ACTIVITY:
Practice item. Set the material below down again exactly, with no pictures.

INFORMATION PROVIDED:
□ □ □ □

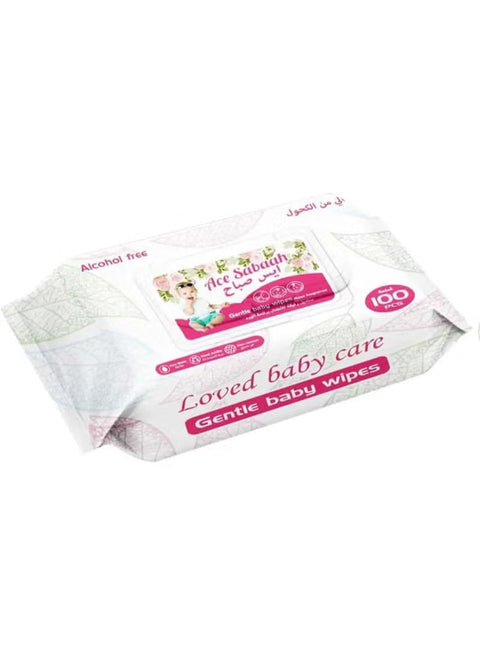 Ace Sabaah Baby Wet Wipes Rose 100 pcs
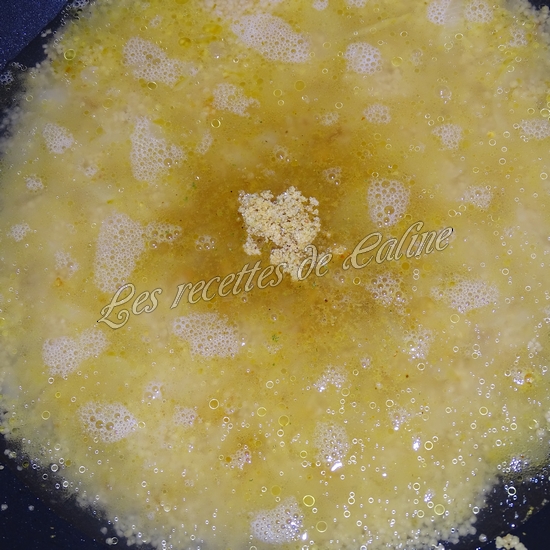 Poêlée de semoule à la tomate et petits pois10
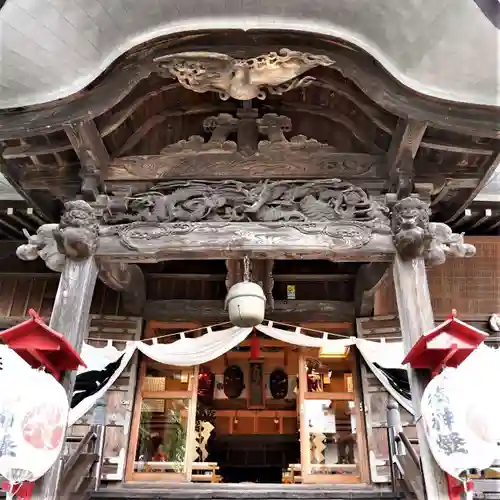 大鏑神社の本殿・本堂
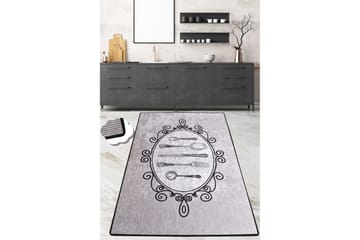 Chilai Matte 100x200 cm - Grå/Svart - Tekstiler & tepper - Teppe & matte - Moderne matte - Wiltontepper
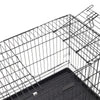 Metal Wire Pet Dog Puppy Cage Playpen Training Crate Kennel For Small Medium Dog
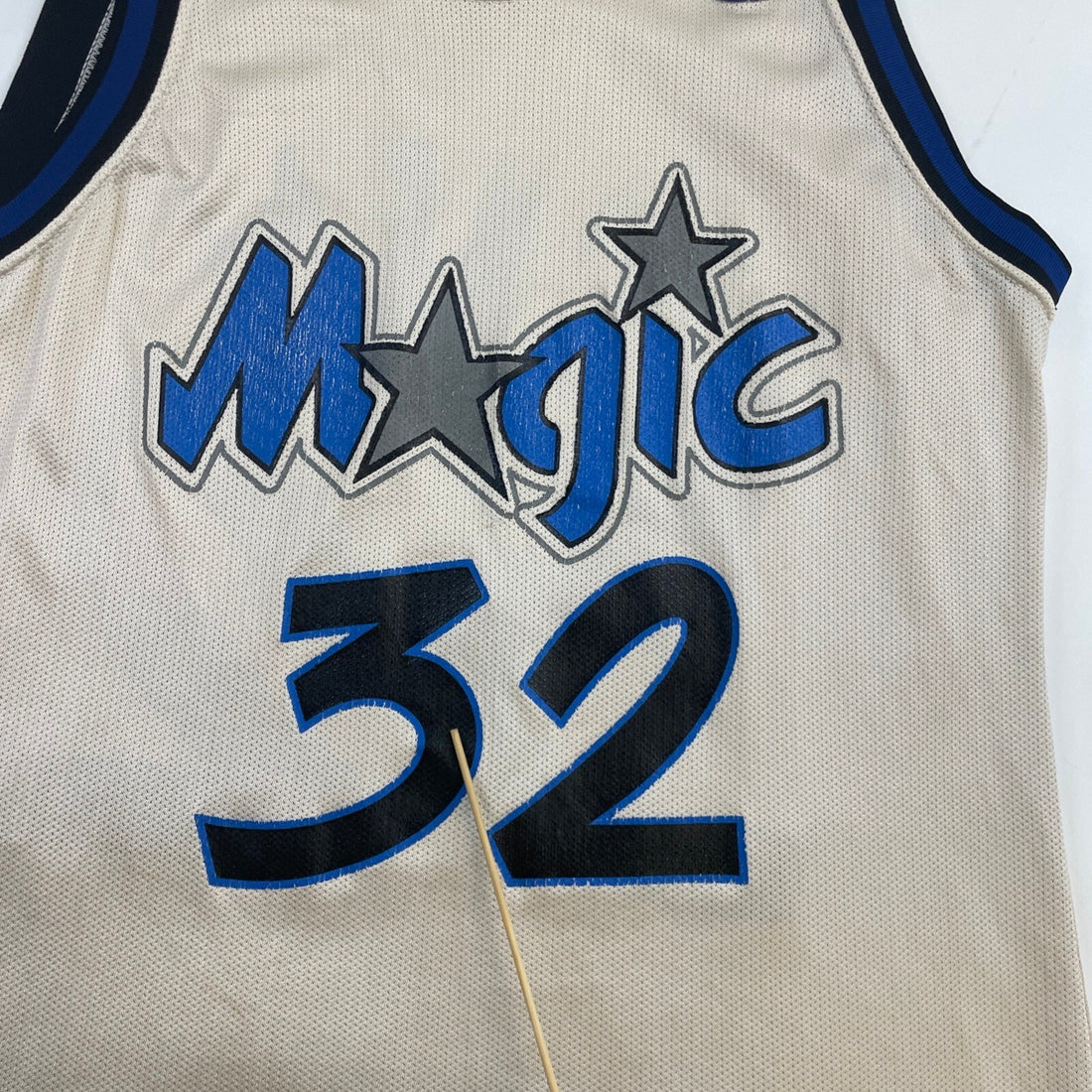 Vintage Orlando Magic Shaquille O'Neal Champion Jersey Size 40 NBA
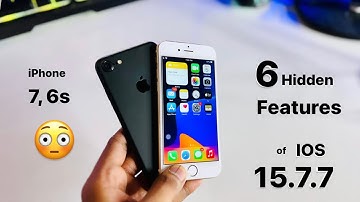 IOS 15.7.7 new hidden features on iPhone 7, 6s
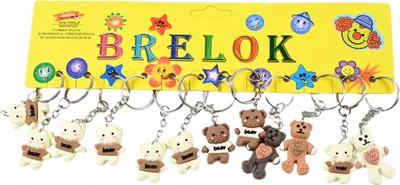 Immagine prodotto di Set di 12 portachiavi con orsacchiotto - Simpatico ciondolo a forma di orsacchiotto per zaino e borsa - Regalo da distribuire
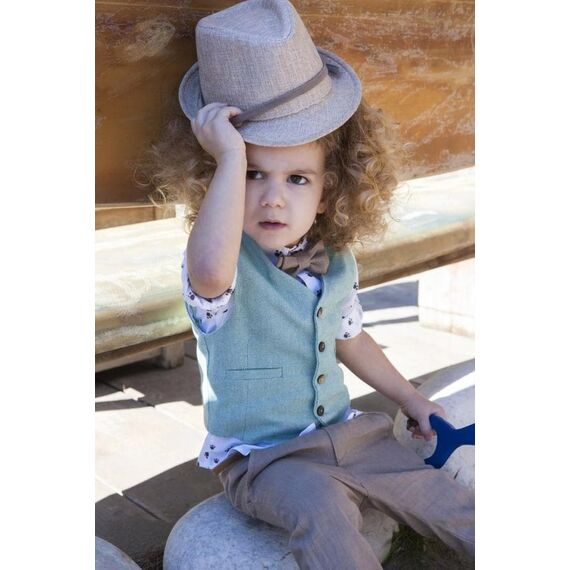 Bambolino: Cookies Βαπτιστικό ρούχο για αγόρι 8410 - Ρούχα Βάπτισης για Αγόρι στο Oneirokosmos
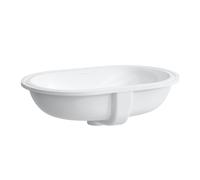 Laufen Savoy lavabo 51x31 cm ovale sous plan blanc brillant H8189460001091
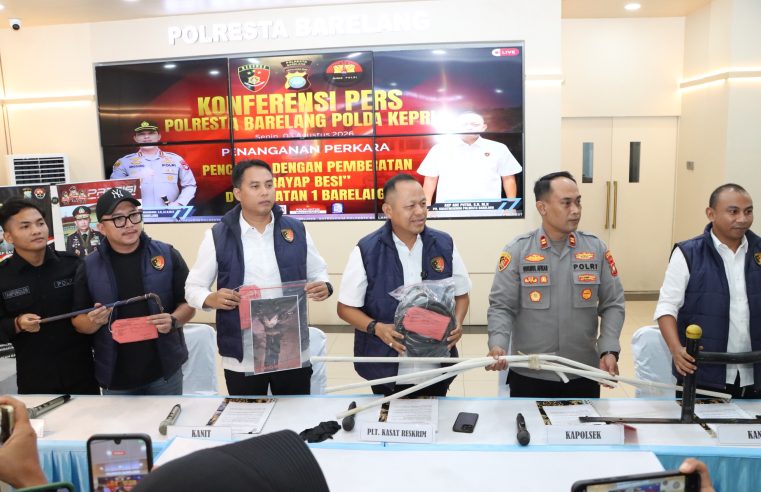 Pencurian Kabel dan Besi Jembatan Barelang Terungkap, Pelaku Dewasa Diamankan, Anak Ditetapkan Sebagai Saksi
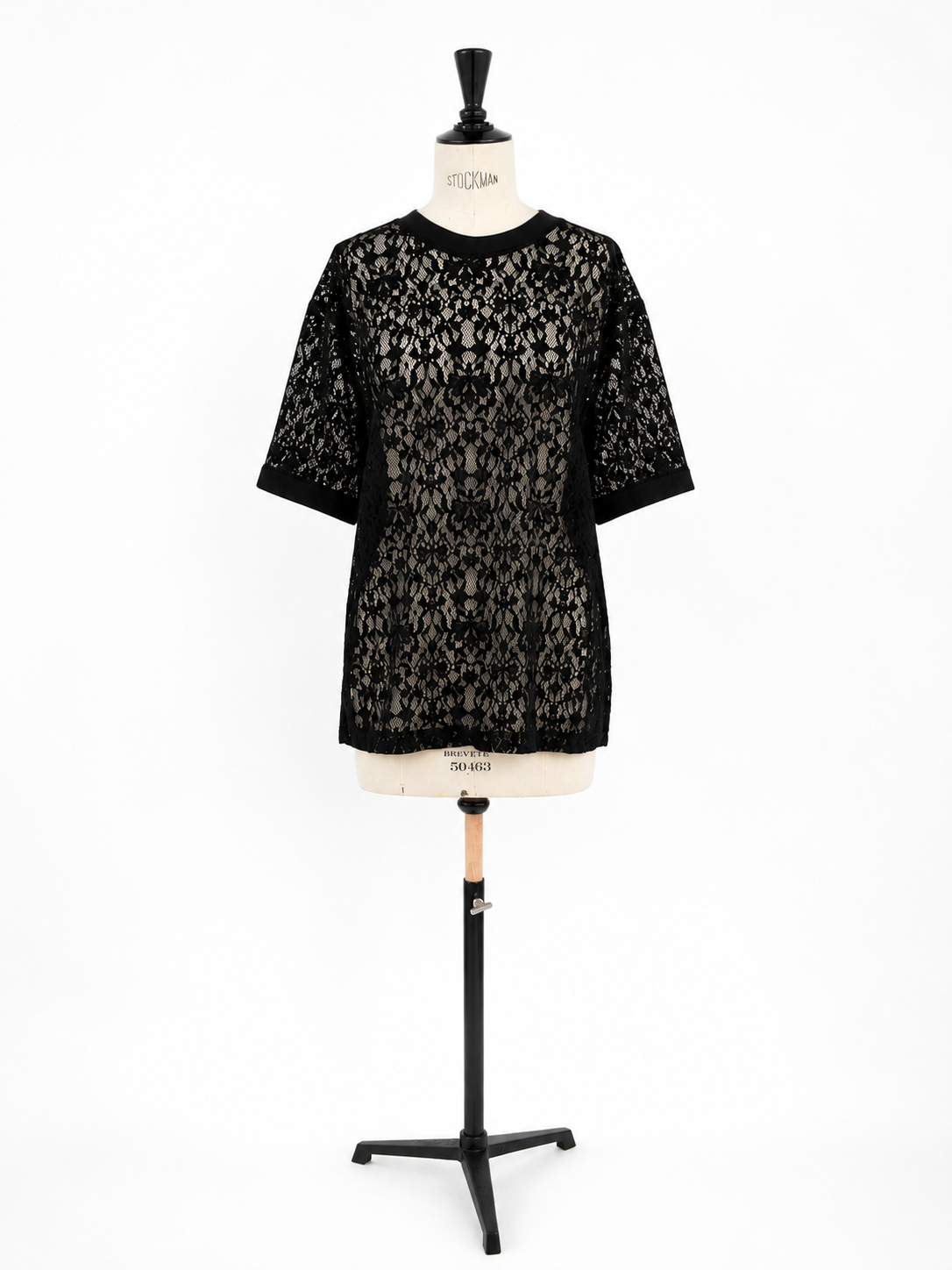 Short Sleeve Flock Lace T-shirt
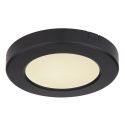 Plafoniera LED design modern, diametru 12,6cm, LASSE negru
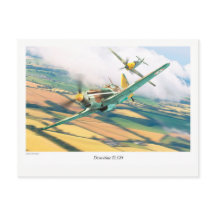 Carte postale d'art aéronautique "Dewoitine D.520"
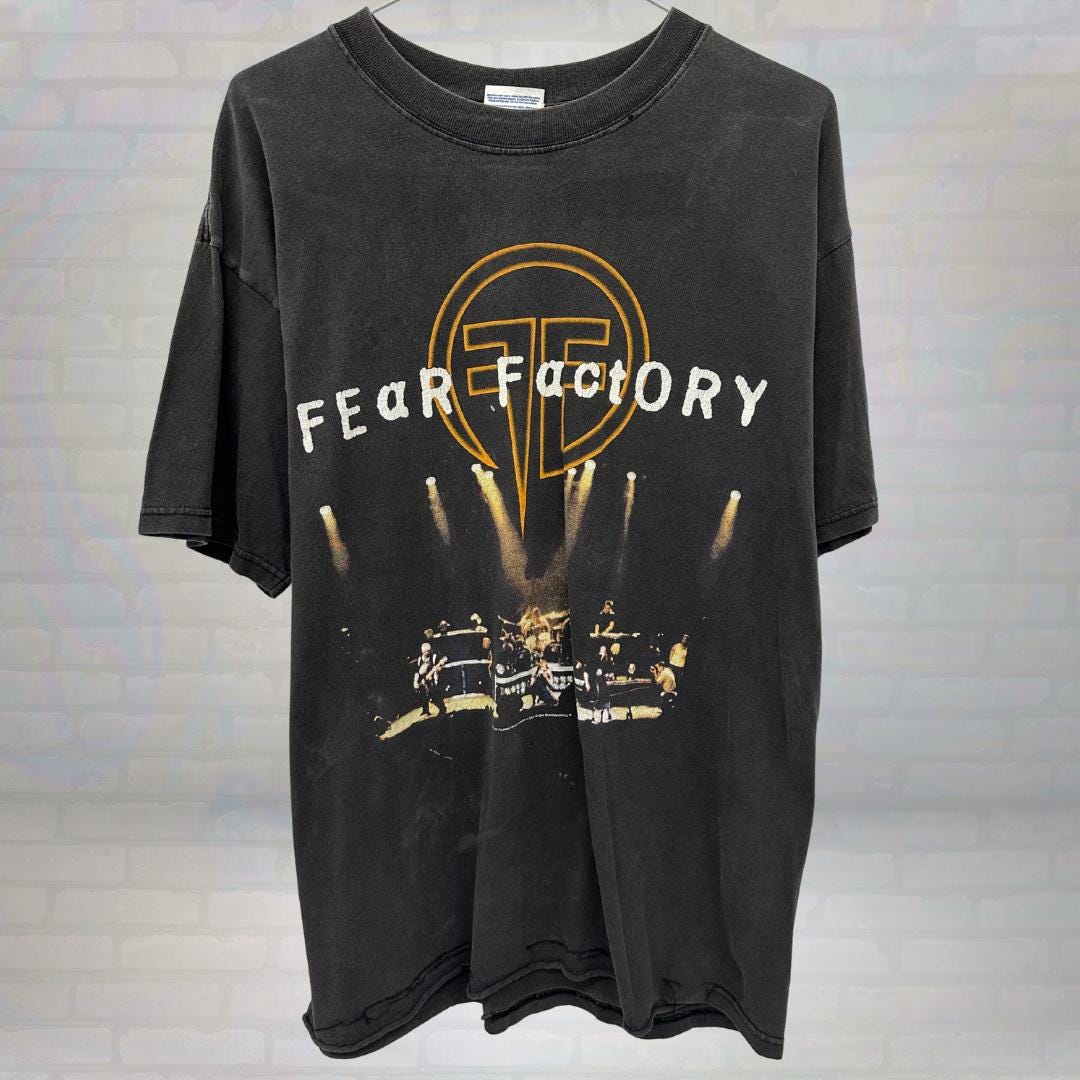90s FEAR FACTORY スマッシャー デヴォウラー Tシャツ Rare Vintage 90s Fear Factory Characters T Shirt XL | eBay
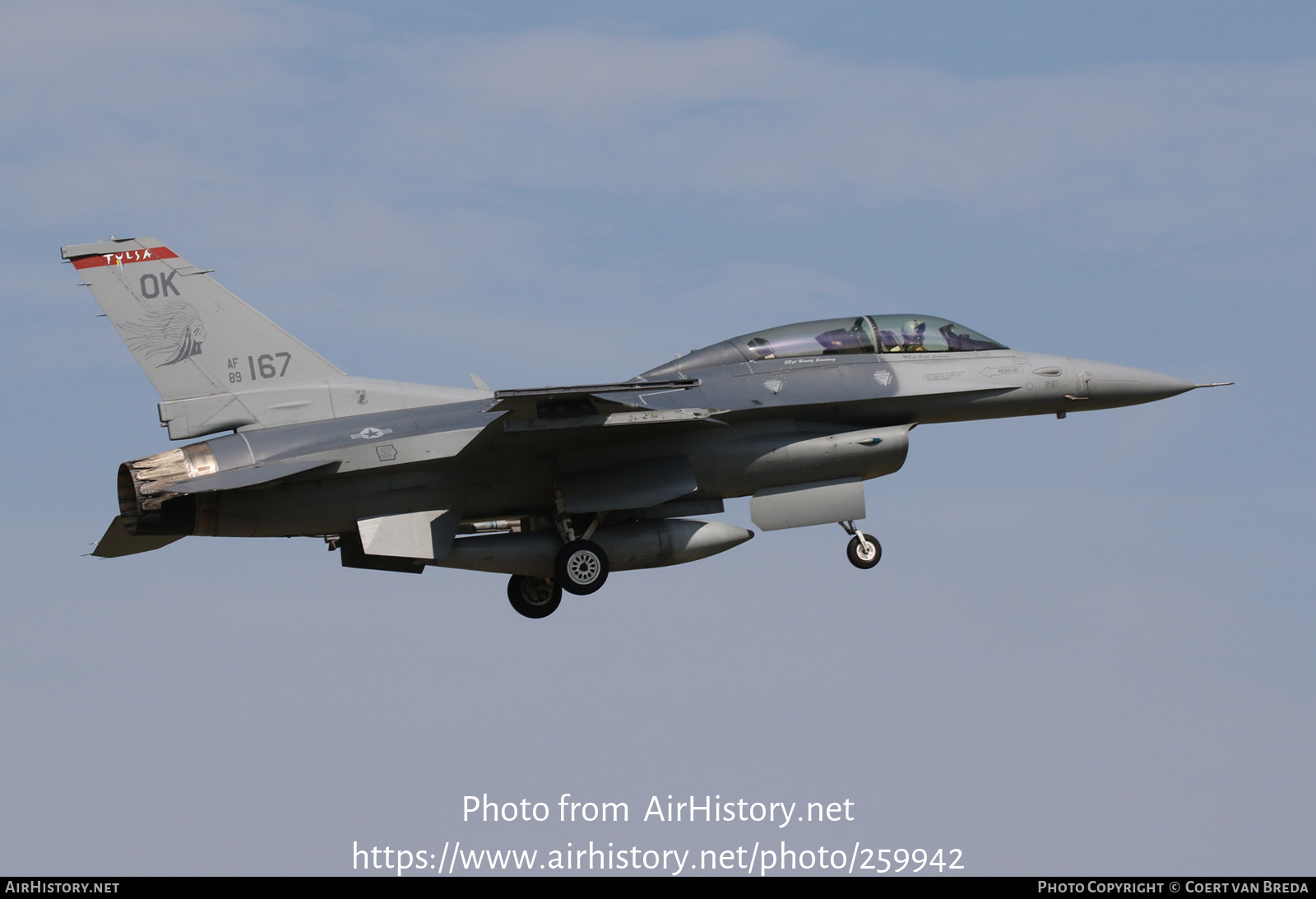 Aircraft Photo of 89-2167 / AF89-167 | General Dynamics F-16DM Fighting Falcon | USA - Air Force | AirHistory.net #259942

□ □ □ □

REPLY TO THE TASK:
 Ace Sabaah Baby Wet Wipes Rose 100 pcs
 Poêlée de semoule à la tomate et petits pois10
 大鏑神社の本殿・本堂
 Chilai Matte 100x200 cm - Grå/Svart - Tekstiler & tepper - Teppe & matte - Moderne matte - Wiltontepper
 Metal Wire Pet Dog Puppy Cage Playpen Training Crate Kennel For Small Medium Dog
 Vintage Orlando Magic Shaquille O'Neal Champion Jersey Size 40 NBA
 IOS 15.7.7 new hidden features on iPhone 7, 6s
 Immagine prodotto di Set di 12 portachiavi con orsacchiotto - Simpatico ciondolo a forma di orsacchiotto per zaino e borsa - Regalo da distribuire
 Bambolino: Cookies Βαπτιστικό ρούχο για αγόρι 8410 - Ρούχα Βάπτισης για Αγόρι στο Oneirokosmos
 Laufen Savoy lavabo 51x31 cm ovale sous plan blanc brillant H8189460001091
 Pencurian Kabel dan Besi Jembatan Barelang Terungkap, Pelaku Dewasa Diamankan, Anak Ditetapkan Sebagai Saksi
 Short Sleeve Flock Lace T-shirt
 Plafoniera LED design modern, diametru 12,6cm, LASSE negru
 Carte postale d'art aéronautique "Dewoitine D.520"
90s FEAR FACTORY スマッシャー デヴォウラー Tシャツ Rare Vintage 90s Fear Factory Characters T Shirt XL | eBay
 Aircraft Photo of 89-2167 / AF89-167 | General Dynamics F-16DM Fighting Falcon | USA - Air Force | AirHistory.net #259942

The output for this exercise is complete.